FTC Names Three Amazon Executives in Lawsuit Over Its Prime Program

From a Wall Street Journal story by Dana Mattioli headlined “FTC Names Three Amazon Executives in Suit Over Prime”:

The Federal Trade Commission disclosed new details in its lawsuit against Amazon.com to publicly name three executives who the agency says played a key role in a scheme to enroll customers unwittingly in the company’s Prime program and make it difficult for them to cancel their subscription.

On Wednesday, the agency amended a lawsuit it filed in June, with additional details of Amazon’s efforts to sign up and keep Prime customers. The agency also unredacted parts of its initial complaint.

The agency says that Neil Lindsay, who served as a senior vice president overseeing Prime during the period, Russell Grandinetti, the company’s senior vice president of international consumer and Jamil Ghani, a company vice president who oversees the Prime subscription program, were aware of the company’s misconduct and chose not to act. Lindsay and Grandinetti are both part of Amazon’s S-team, a group of the most senior leaders at the company under Amazon CEO Andy Jassy.

The FTC alleges that Amazon had a purposefully complicated cancellation system for Prime members that internally was code-named “Iliad” after the ancient Greek work by Homer.
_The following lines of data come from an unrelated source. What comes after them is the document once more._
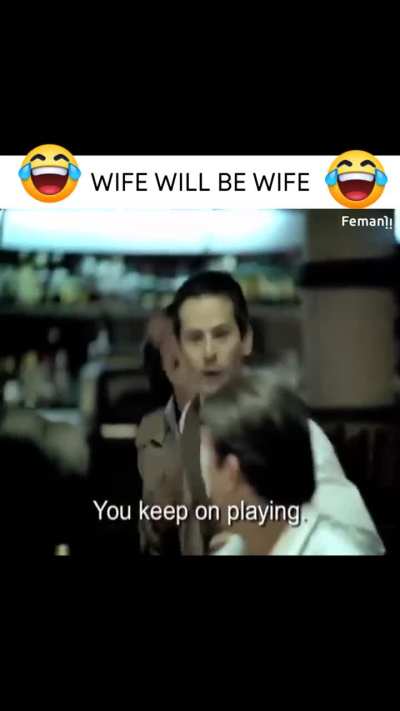 Men will be men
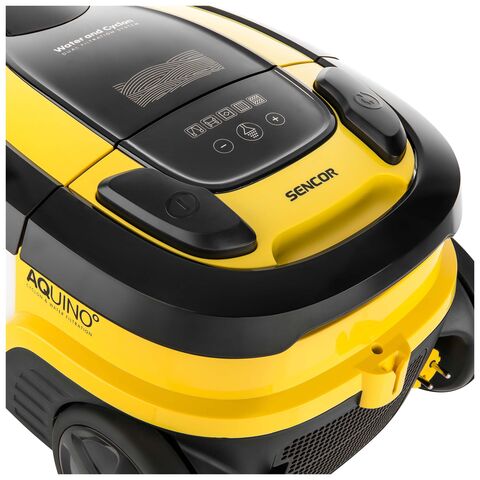 Пылесос SENCOR SVC 5001YL, 13-е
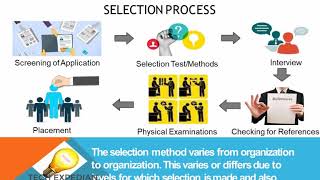 recruitment and selection process mba MBA project For HR Students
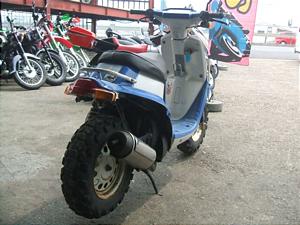 YAMAHA/ヤマハ BW’S 50 3AA-0096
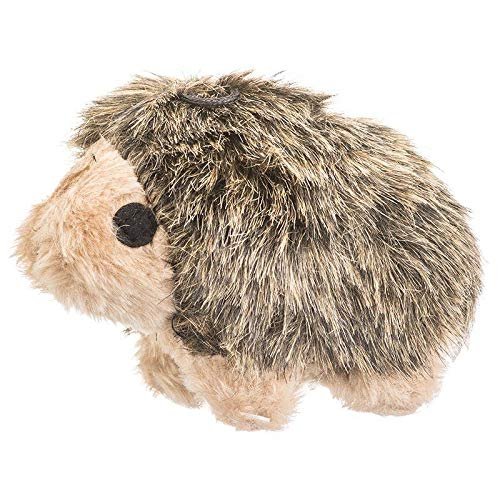 Booda Medium Size Hedgehog Dog Toy Soft Bite Dog Medium
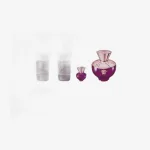 Versace Pour Femme Dylan Purple Small Beauty Case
The epic poem is notoriously hard to read.

“The FTC’s decision to add three Amazon leaders to its civil case against the company is unwarranted under the facts and the law,” said an Amazon spokesman. “To claim that their efforts were made in anything but the utmost good faith is unfounded and represents a radical departure from the FTC’s own standards for such claims.”

“We’ve always made it clear and simple for customers to sign up for and cancel Prime, and we look forward to demonstrating that the FTC’s claims to the contrary are wrong” the spokesman said.

Newly unredacted parts of the complaint show Amazon executives dismissing concerns about Prime customers accidentally enrolling. “In a meeting with Amazon designers, Defendant Lindsay was asked about Amazon’s use of dark patterns during the Prime enrollment process,” the new materials say. “Lindsay explained that once consumers become Prime members—even unknowingly—they will see what a great program it is and remain members, so Amazon is ‘okay’ with the situation.”

In another section, “Lindsay suggested something he called ‘scary’—that Amazon should consider making it as easy to decline Prime as to enroll,” the unredacted materials say.

In some of the unredacted sections, Amazon employees make the argument to senior management that the company should be more transparent about its enrollment process. An email to Ghani in 2020 reads: “An unknown $12.99 charge could mean grocery money for a family, gas to fill up a car, or just the last bit of money to make rent…Do we think that they should also [have] to call customer service to ask for a refund, when they discover this unknown charge [for Prime]?”

An email from Lindsay to Ghani acknowledges the intensifying regulatory pressure on the company for the behavior: “I may land in the same place, but given how hot this topic is in the press lately, and the risk of regulatory action in some countries, I [am] [sic] wondering how you might thread the needle…between making it easy to join, easy not to mistakenly join and not unduly difficult to unsubscribe[.]”

Amazon’s Prime membership program provides free shipping and other perks such as video streaming to customers who pay for an annual subscription, and is wildly popular with customers. Prime has more than 200 million members worldwide, and has helped make Amazon a part of customers’ daily shopping habits.

“Amazon tricked and trapped people into recurring subscriptions without their consent, not only frustrating users but also costing them significant money,” FTC Chair Lina Khan said in the agency’s June press release.

The updated lawsuit comes as the agency prepares to file a monopoly lawsuit against Amazon that targets a range of Amazon’s business practices that the FTC finds anticompetitive. The lawsuit will target a number of Amazon’s businesses, such as its Fulfillment by Amazon logistics program and pricing on Amazon.com by third-party sellers, The Wall Street Journal has reported. The lawsuit will suggest that Amazon make “structural remedies” that could lead to a break up of the company.